Çiğ süt satışına izin verilmesi dolayısıyla Gıda Tarım ve Hayvancılık Bakanlığı’nı da eleştiren Kadir Halkman, şunları kaydetti:
“Tüketicilere, ister denetimli çiftliklerden (marketlerde izinli olarak satılan sütler), ister sokaktan çiğ süt almamalarını öneririm. Bu sütleri aldığınızda kaynatmak durumundasınız. Süt kaynatıldığında tencereye yapışan beyaz parçacıklar, sütün asıl besin değeri olan proteinleri öldürdüğünüz anlamındadır.

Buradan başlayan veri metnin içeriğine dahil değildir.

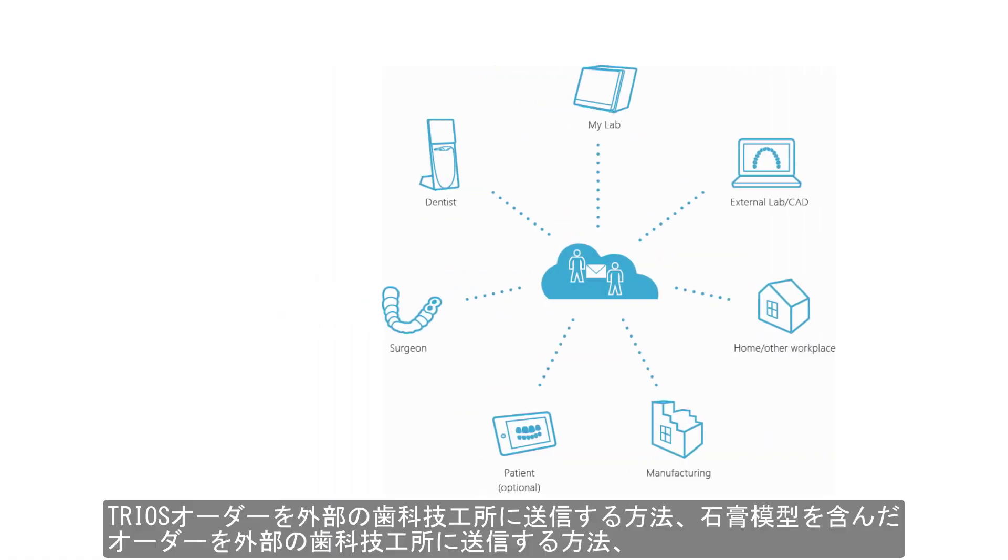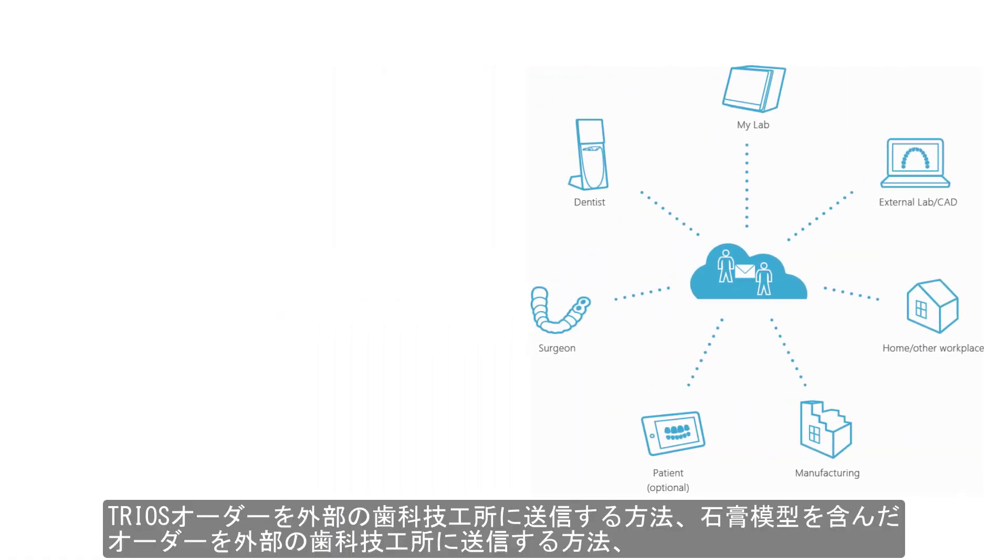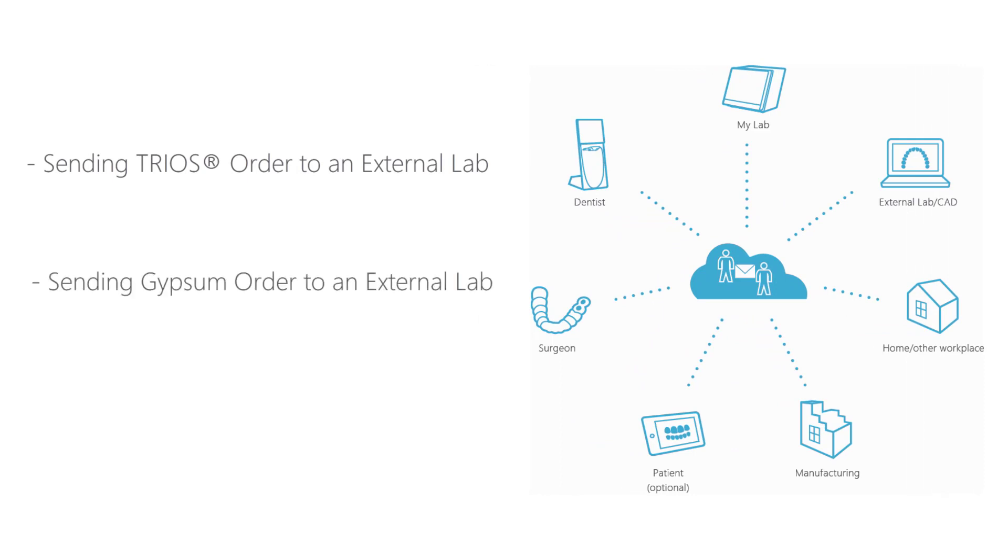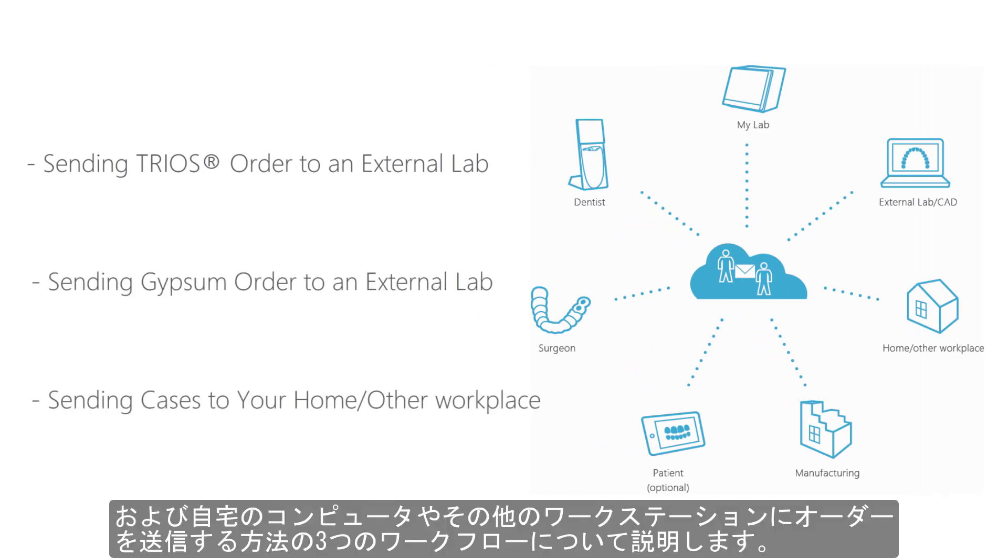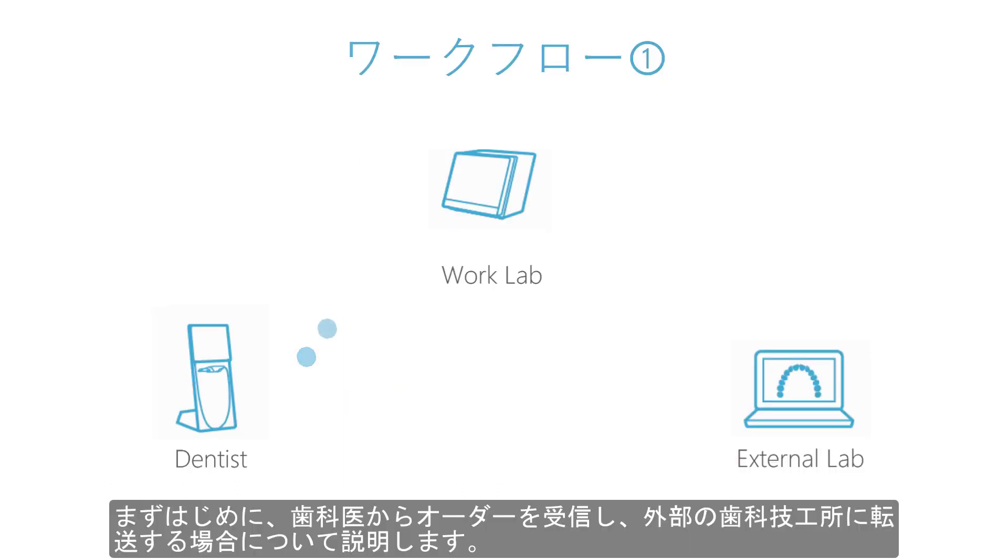We will show you three scenarios: how to send a TRIOS order to an external lab, send a gypsum order to an external lab, and send cases to your home PC or other workplace. Let's explain the first scenario, getting an order from your dentist and forwarding it to an external lab.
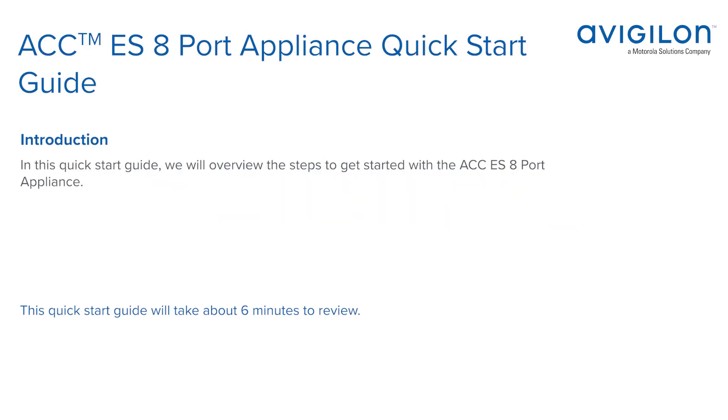In this quick start guide, we will overview the steps to get started with the ACC ES-8 port appliance.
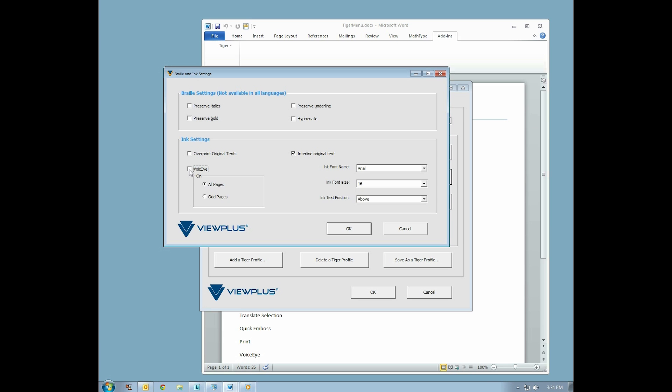Or, for people who have some limited eyesight, the text may be enlarged to the point where it's easier to read. Associated with the VoiceEye checkbox are two radio buttons, where you may select either all pages or odd pages. If you choose odd pages, the text of the even pages is still encoded. The printer will just place one or more VoiceEye barcodes on the odd pages.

Sütün pastörizasyonu sırasında vitamin kayıpları olur. En büyük kayıp C vitaminindedir. Ancak, süt, vitamin kaynağı değildir. Bir litre sütteki C vitamini, 3-5 yaprak maydanozdaki kadardır. Süt, vitamin değil, kalsiyum ve protein kaynağıdır.
Çiğ sütte sağlık için gereken bakterilerin bulunduğu doğrudur. Ancak, sayıları yok denecek kadar azdır. Bir bardak çiğ süt içmek yerine, bir bardak ayran ya da boza içmek, milyonlarca kat daha fazla yararlı bakterinin vücuda alınmasını sağlar. Ayrıca çiğ sütte, insanları ölüme kadar götürebilecek hastalık yapıcı mikroplar olabilir. Mutlaka vardır demek değil ama risk çok da küçük değildir.”